I suppose there is always something to worry about when it comes to “our (collective) children.” Now that we are officially in the 21st century, the Big Bad Media is worrisome. Is media hurting children developmentally? Is it replacing reading?
An article (2003) from the Kaiser Family Foundation addresses these concerns. The study focused on 0-6 year-olds and their media use. According to the many statistics that spatter the article, young children are spending a sizable amount of their time with media, whether it be videogames, computers, or TVs.
The overall tone of the article is surprise. The study asserts that children, on average, spend as much time with media as they do playing outdoors, and far more time with media than they do reading. “These are astonishing data. Today’s preschoolers are starting to use media much younger than we thought,” stated study co-author Ellen Wartella. According to article, maybe we should be a little worried about media.

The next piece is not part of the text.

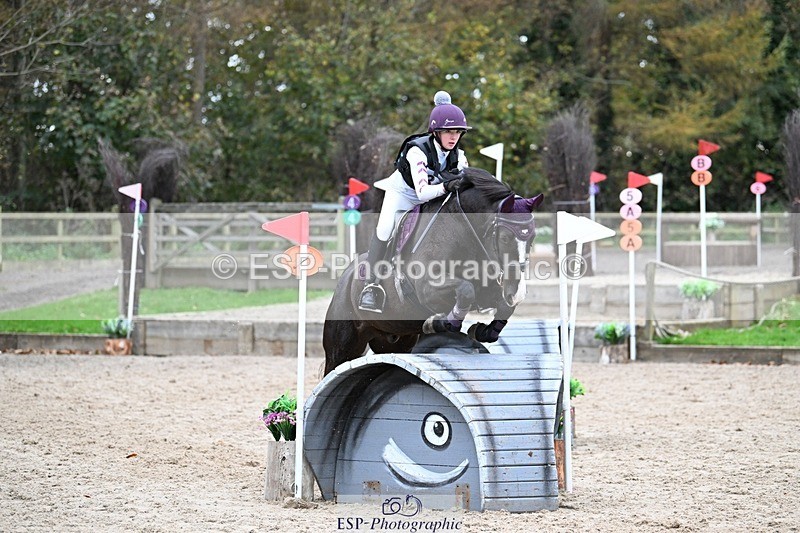 241117-144503-04701 - Cls 3 90-95cm 14.00 to 15.00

Yet is media for young children wholly bad? Of course not. Nor, frankly, can it be entirely avoided. Whether it’s comfortable for us or not, digital media is here to stay. Short of keeping children in wooden cabins in the forest, exposure to media is unavoidable. So what can we do?
As the article states, quality is as great a consideration as quantity. Balance is important as well. The article notes that children of parents who set boundaries on media time spend an average of 1/2 hour less per day plugged in.

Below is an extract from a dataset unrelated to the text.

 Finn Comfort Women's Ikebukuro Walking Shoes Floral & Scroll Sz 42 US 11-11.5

We can’t fully “protect” our children from digital media exposure. We may not even want to – we would like our children to grow up with many of the skills and understandings that come with media exposure. We don’t want to raise children more suited for the 1900s than 2000s. And is media harming our children developmentally? It can, of course, but so can many things. Blaming the Big Bad Media is hopeless; it’s stronger than we are.
But we can be choosy about the (Big? Bad? maybe not always) media exposure we do allow. Quality and quantity are negotiable.